Encaisser vaillamment les G de la vitesse de propulsion.
Contracter tous ses muscles au moment de l'impact sur l'herbe verte et grasse.
Gagner un maximum de distance lors des deux ou trois rebonds qui suivent et pour ce faire, imprimer à son corps un léger mouvement de balancier.
Entrouvrir discrètement les yeux pour s'assurer de la trajectoire.
Puis rouler. Profiter de l'élan et rouler, rouler. Le plus loin possible, le plus longtemps possible, queue rentrée, pattes repliées, cul par-dessus tête.
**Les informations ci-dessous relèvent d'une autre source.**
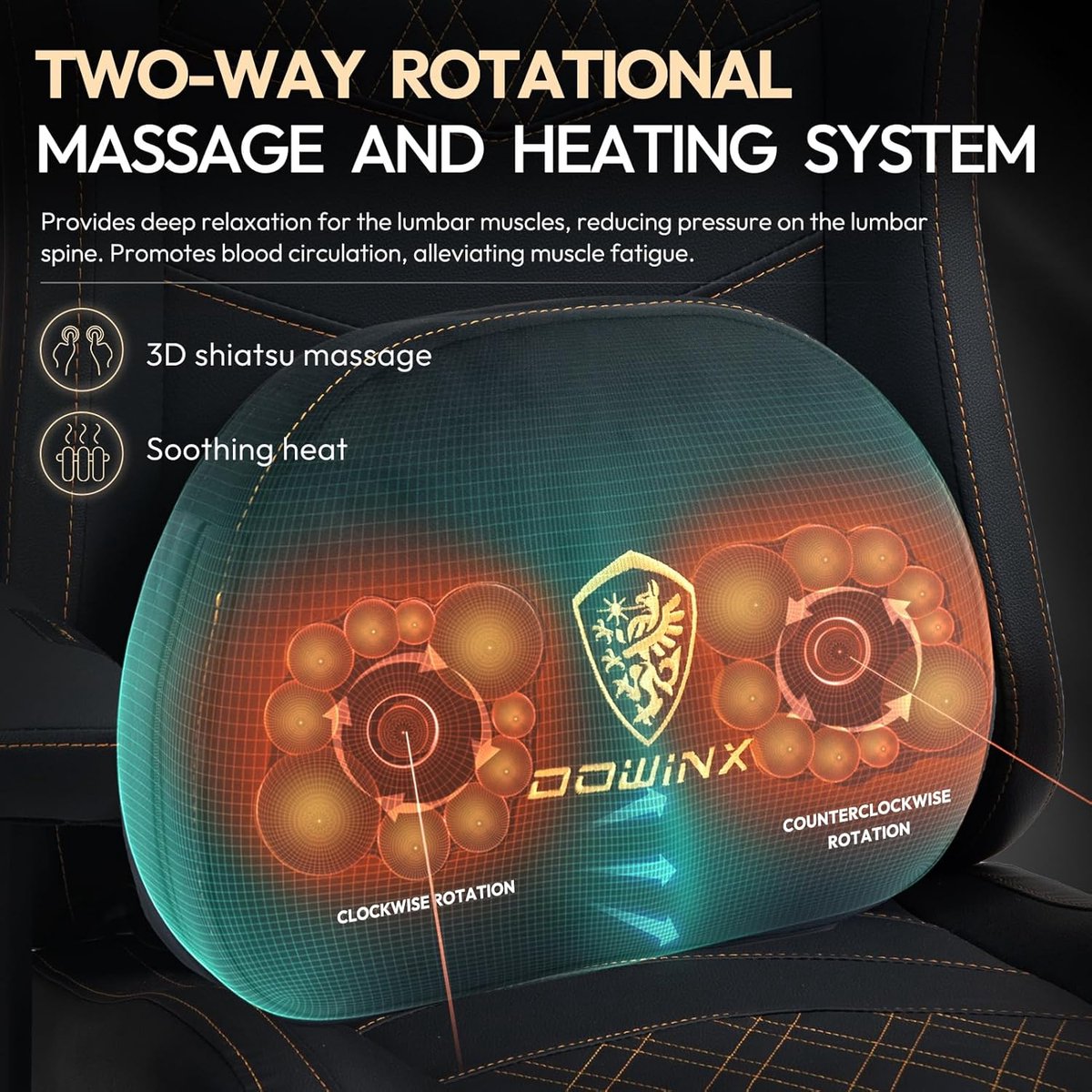 Dowinx Gaming Stoel met Massage en Verwarming - Zwart/Goud - afbeelding 3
Si nécessaire, incliner légèrement le corps vers la droite ou la gauche pour infléchir la courbe dans la bonne direction.
Un seul objectif : le trou. Viser le trou, rien que le trou.
Ralentir légèrement avant de l'atteindre, pour que ça paraisse le plus naturel possible.
Puis se laisser tomber mollement au fond et attendre, sans bouger.
Clameurs du public, applaudissements, crépitement de flashes. Compliments, chaudes félicitations et admiration pour l'adresse incroyable de son dresseur. Quel talent !
Autant d'indices qui lui indiquent qu'il a réussi sa mission, qu'il est bien au fond du dix-huitième trou.